## [Instructions to follow]
Every entry below should be reproduced exactly; no picture is to be included.
==== Records
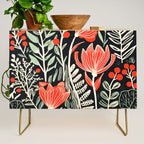 Doodle Diary Flowers Credenza Gallery Image 1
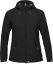 fjellreven greenland wind jacket dame - black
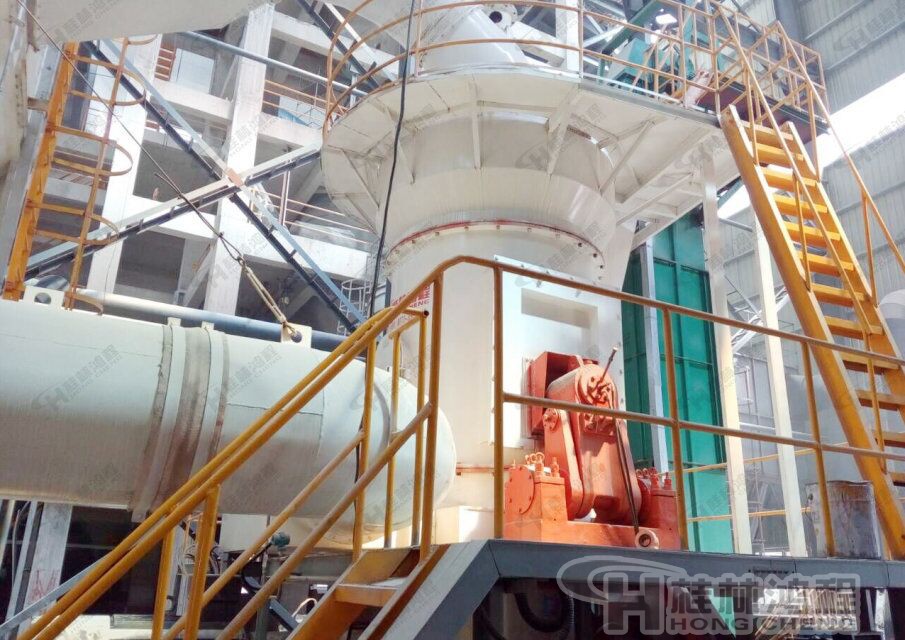 HLM1300鋼渣立磨，立磨，立磨機，立式磨粉機，鋼渣混凝土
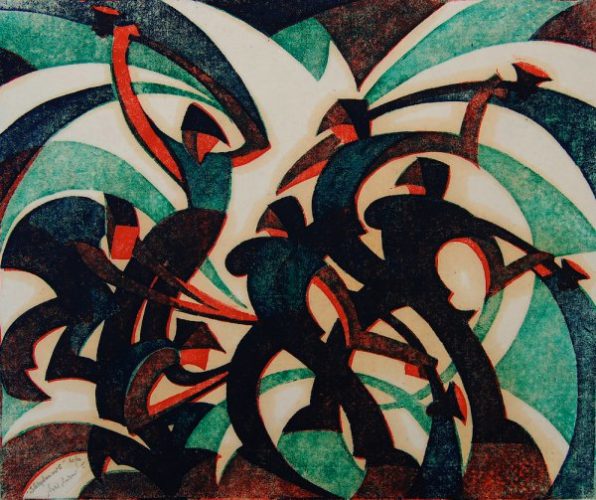 Sledgehammers by Sybil Andrews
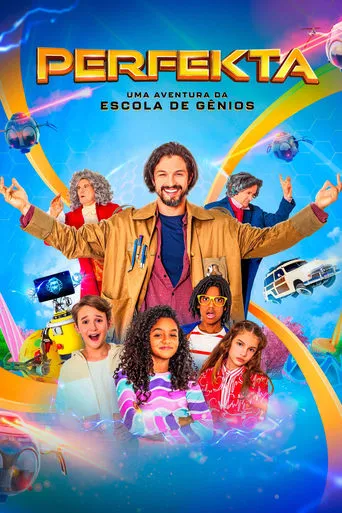 Perfekta - Uma Aventura da Escola de Gênios movie poster - Entertainment content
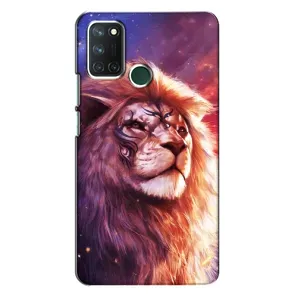 Чохол з картинкою на Realme 7i (Кольоровий ЛЕВ)
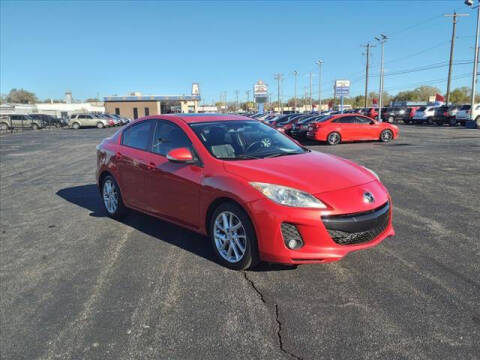 2012 Mazda MAZDA3 for sale at Credit King Auto Sales in Wichita KS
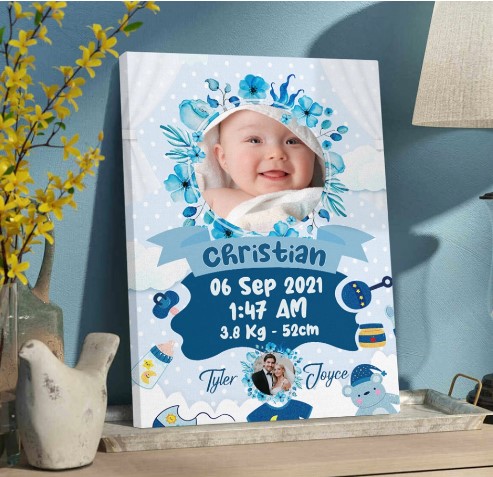 Personalised gifts for sales 1st birthday boy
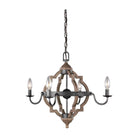 Generation Lighting - Socorro Chandelier - Lights Canada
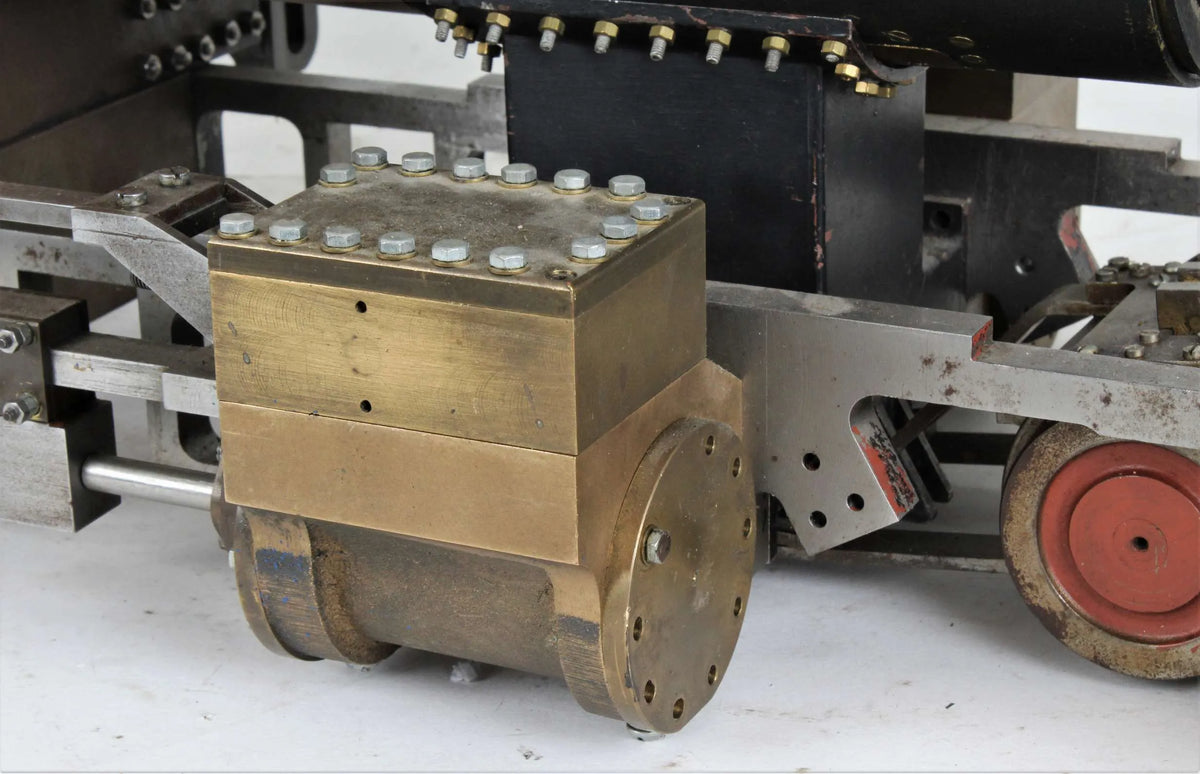 3 1/2 inch narrow gauge Alco 2-6-2T "Mountaineer"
========
## [Exercise result]
 Doodle Diary Flowers Credenza Gallery Image 1
 fjellreven greenland wind jacket dame - black
 HLM1300鋼渣立磨，立磨，立磨機，立式磨粉機，鋼渣混凝土
 Sledgehammers by Sybil Andrews
 Perfekta - Uma Aventura da Escola de Gênios movie poster - Entertainment content
 Чохол з картинкою на Realme 7i (Кольоровий ЛЕВ)
 2012 Mazda MAZDA3 for sale at Credit King Auto Sales in Wichita KS
 Personalised gifts for sales 1st birthday boy
 Generation Lighting - Socorro Chandelier - Lights Canada
 3 1/2 inch narrow gauge Alco 2-6-2T "Mountaineer"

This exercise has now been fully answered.